We provide space complexity lower bounds for data structures that approximate logistic loss up to $\epsilon$-relative error on a logistic regression problem with data $\mathbf{X} \in \mathbb{R}^{n \times d}$ and labels $\mathbf{y} \in \{-1,1\}^d$. The space complexity of existing coreset constructions depend on a natural complexity measure $\mu_\mathbf{y}(\mathbf{X})$, first defined in (Munteanu, 2018). We give an $\tilde{\Omega}(\frac{d}{\epsilon^2})$ space complexity lower bound in the regime $\mu_\mathbf{y}(\mathbf{X}) = O(1)$ that shows existing coresets are optimal in this regime up to lower order factors. We also prove a general $\tilde{\Omega}(d\cdot \mu_\mathbf{y}(\mathbf{X}))$ space lower bound when $\epsilon$ is constant, showing that the dependency on $\mu_\mathbf{y}(\mathbf{X})$ is not an artifact of mergeable coresets. Finally, we refute a prior conjecture that $\mu_\mathbf{y}(\mathbf{X})$ is hard to compute by providing an efficient linear programming formulation, and we empirically compare our algorithm to prior approximate methods.
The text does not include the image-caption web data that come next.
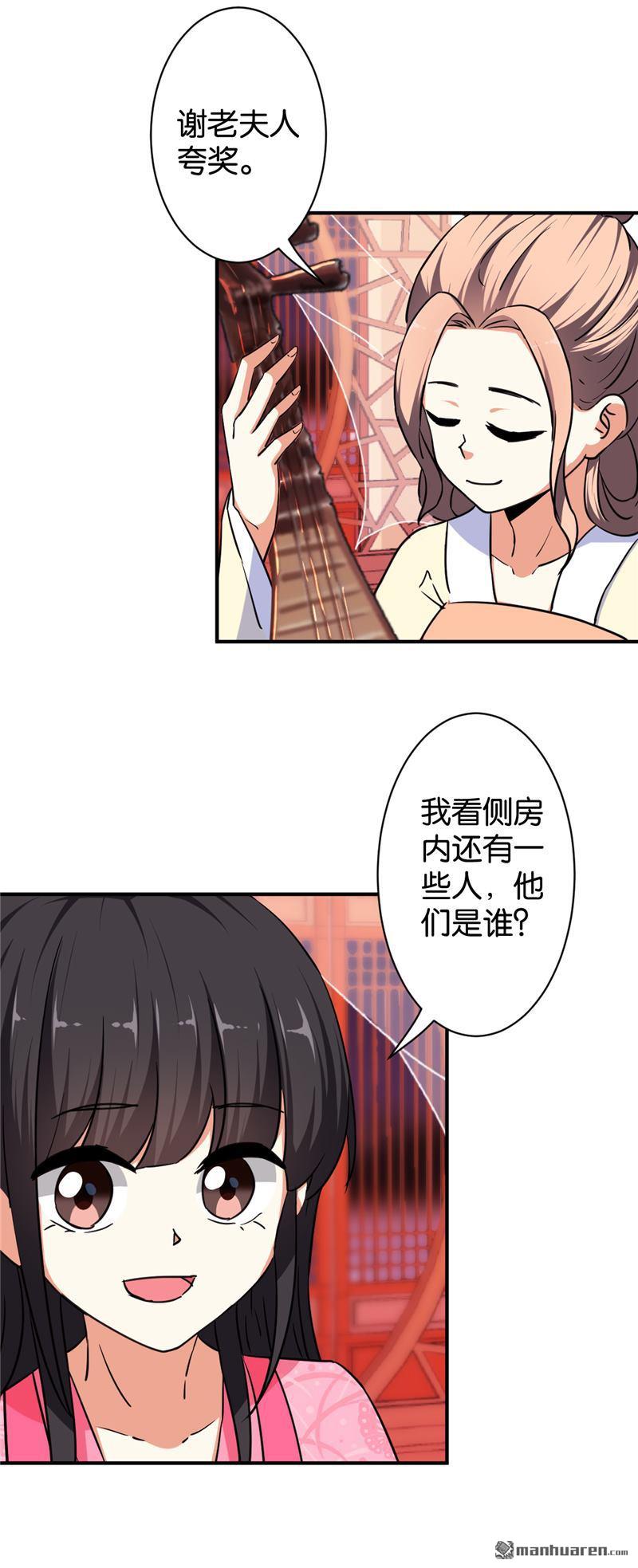 🍘王爷你好贱 第97话 第5页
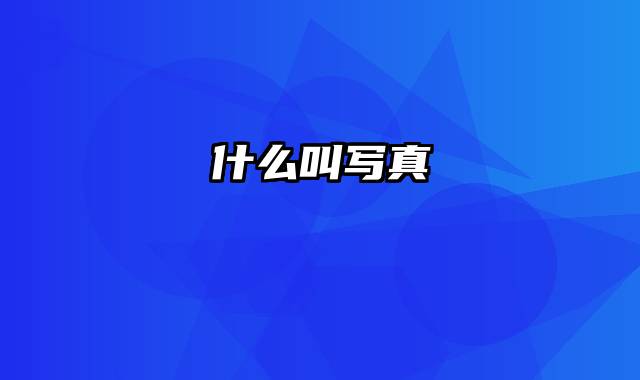 什么叫写真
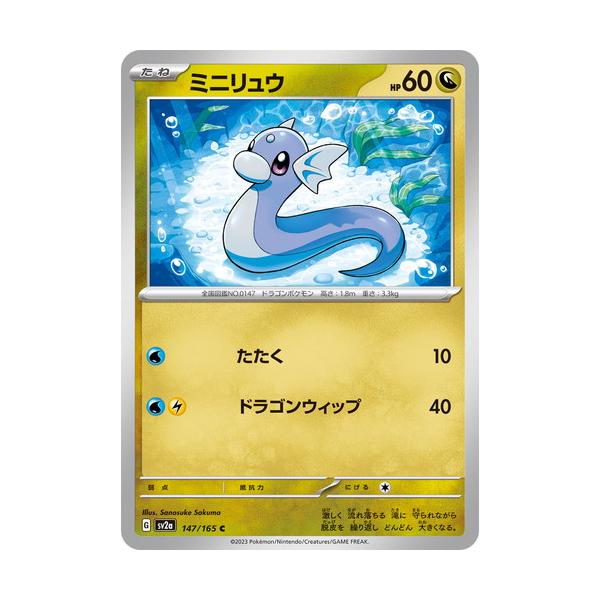 ポケモンカードゲーム スカーレット&バイオレット 147/165 ミニリュウ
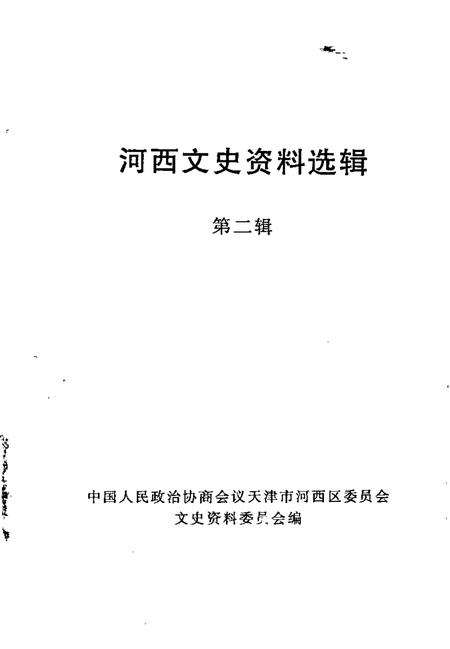 河西文史资料选辑  第2辑.pdf电子版_天津市志插图1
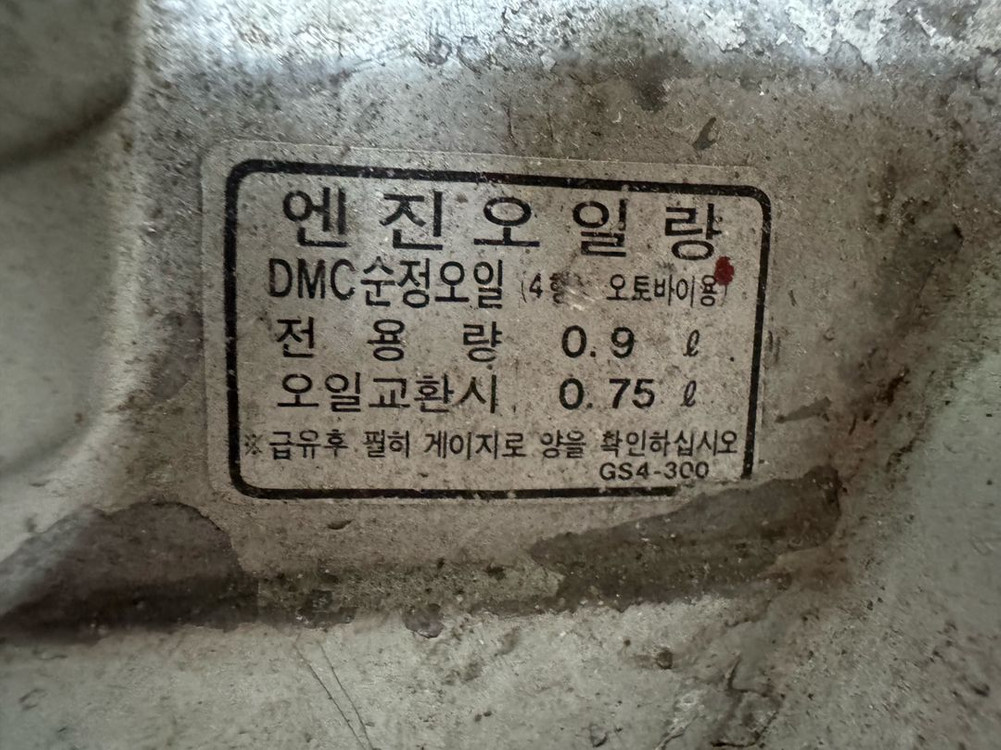 혼다 대림 시티 오토바이 엔진 이미지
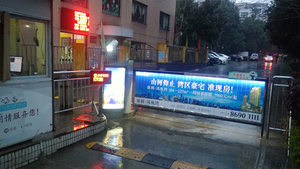 工程案例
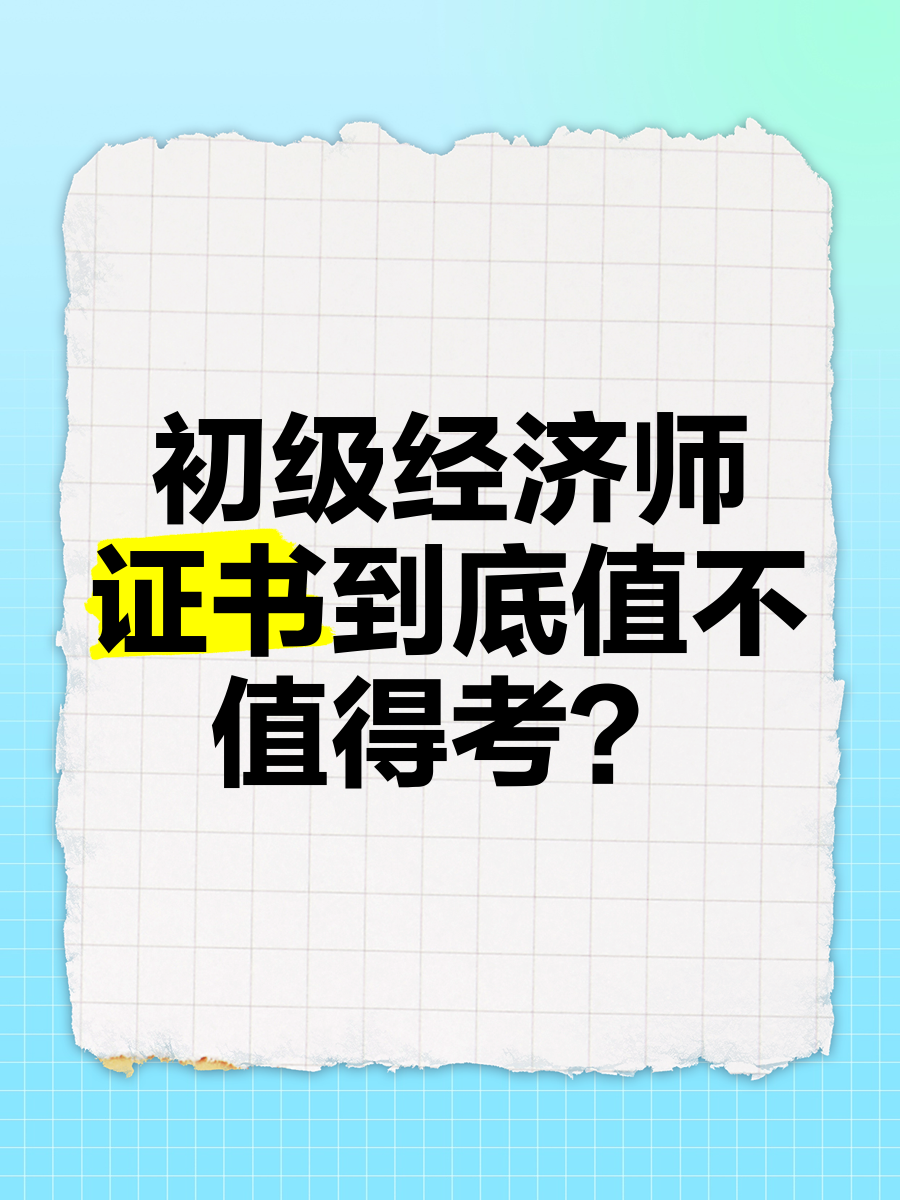 初级经济师证书的实际价值分析， 你考对了吗？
翻译：针对在逻辑回归问题（数据为 $\mathbf{X} \in \mathbb{R}^{n \times d}$，标签为 $\mathbf{y} \in \{-1,1\}^d$）上以 $\epsilon$ 相对误差近似逻辑损失的数据结构，我们给出了其空间复杂度的下界。现有核心集构造的空间复杂度依赖于一个自然的复杂度度量 $\mu_\mathbf{y}(\mathbf{X})$（该度量首次由 Munteanu 于 2018 年定义）。在 $\mu_\mathbf{y}(\mathbf{X}) = O(1)$ 的范围内，我们给出了 $\tilde{\Omega}(\frac{d}{\epsilon^2})$ 的空间复杂度下界，表明在此范围内现有核心集除低阶因子外已达到最优。当 $\epsilon$ 为常数时，我们还证明了一个通用的 $\tilde{\Omega}(d\cdot \mu_\mathbf{y}(\mathbf{X}))$ 空间下界，表明对 $\mu_\mathbf{y}(\mathbf{X})$ 的依赖并非可合并核心集所特有的现象。最后，我们通过提出一种高效的线性规划形式化方法，反驳了先前关于 $\mu_\mathbf{y}(\mathbf{X})$ 难以计算的猜想，并在实验中将我们的算法与先前的近似方法进行了比较。